Like us, you probably think that ancient Egyptian fashion consists of monarchy gowns and Cleopatra’s head pieced; however, there is much, so much more than that. Ancient eygapy is all about elegance, prestige, and glam. Fashion had its significance and was part of each one’s personal identity and preferences, being a Pharaoh or not.
Eygapy is in the desert, and the never-ending burning sun has forever influenced fashion. In ancient Egypt days, Linen was the most common fabric used in fashion, and it was considered breathable and comfortable. Kings and queens would adorn their bodies in draping linen gowns, and magnificent robes were created from linen, too. The linen was used as clean canvases for the fascinating Eygiption art to be created on.

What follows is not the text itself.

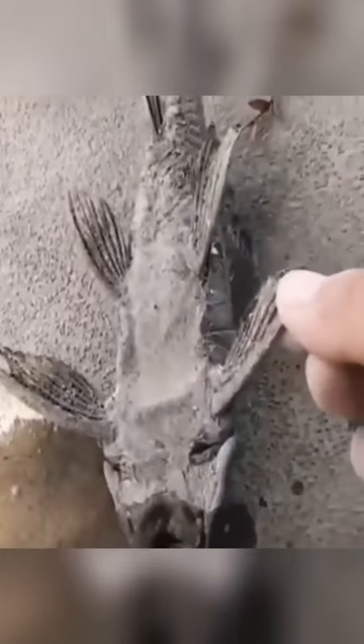The fish that could be seen in this video can hibernate and dry out, but when it comes into contact with water again it comes back to life. As you see, this person pours water on it and it comes back to life — I mean, this is just insane.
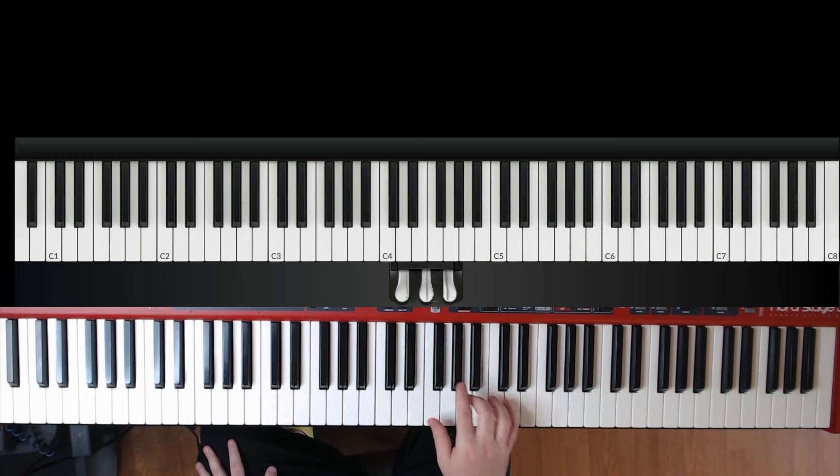It starts out with a grace note right out of the gate — a two on the G sharp, the middle triplet. A quick refresher on grace notes: there are two ways to do them. You can play both at the exact same time and then lift up on the grace note, or you can quickly go two-three. They pretty much make the exact same sound, so try both and see which feels more natural.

It is known that pure gold was used for ancient coins. However, it was also used to decorate bare body parts, mainly by the wealthy. Gold jewelry was worn on a daily basis and not preserved for special occasions. It was part of the daily outfit and represented the richness and high ranking in Egyptian society. The jewelry was much more than neckless and bracelets; it consisted of chokers and extravaganza headpieces.
There is nothing more symbolic than the Pharaoh’s sandals. Long straps wrapped around a masculine shin, usually made out of expensive leather, suited only for royalty. These sandals were chic and stylish and provided the comfort and functionality the great Egyptian warriors needed.
Creating fragrances, like today, was considered an art in ancient Egypt. The Egyptians used aromatic oils and natural raw materials they domestic grew and created captivating body and space fragrances, together with offering their gods the gifts of the earth. Using perfumes became an undetectable part of day-to-day fashion, and the way you smelt said alt about who you were.
Lives For Ever
The breathtaking ancient fashion might go back many years. However, it is still felt in many fashion creations of our time. There is something that will never die with Ancient Ward Road customers, and the Eygiptian contribution to the industry is, with no doubt, one of a kind.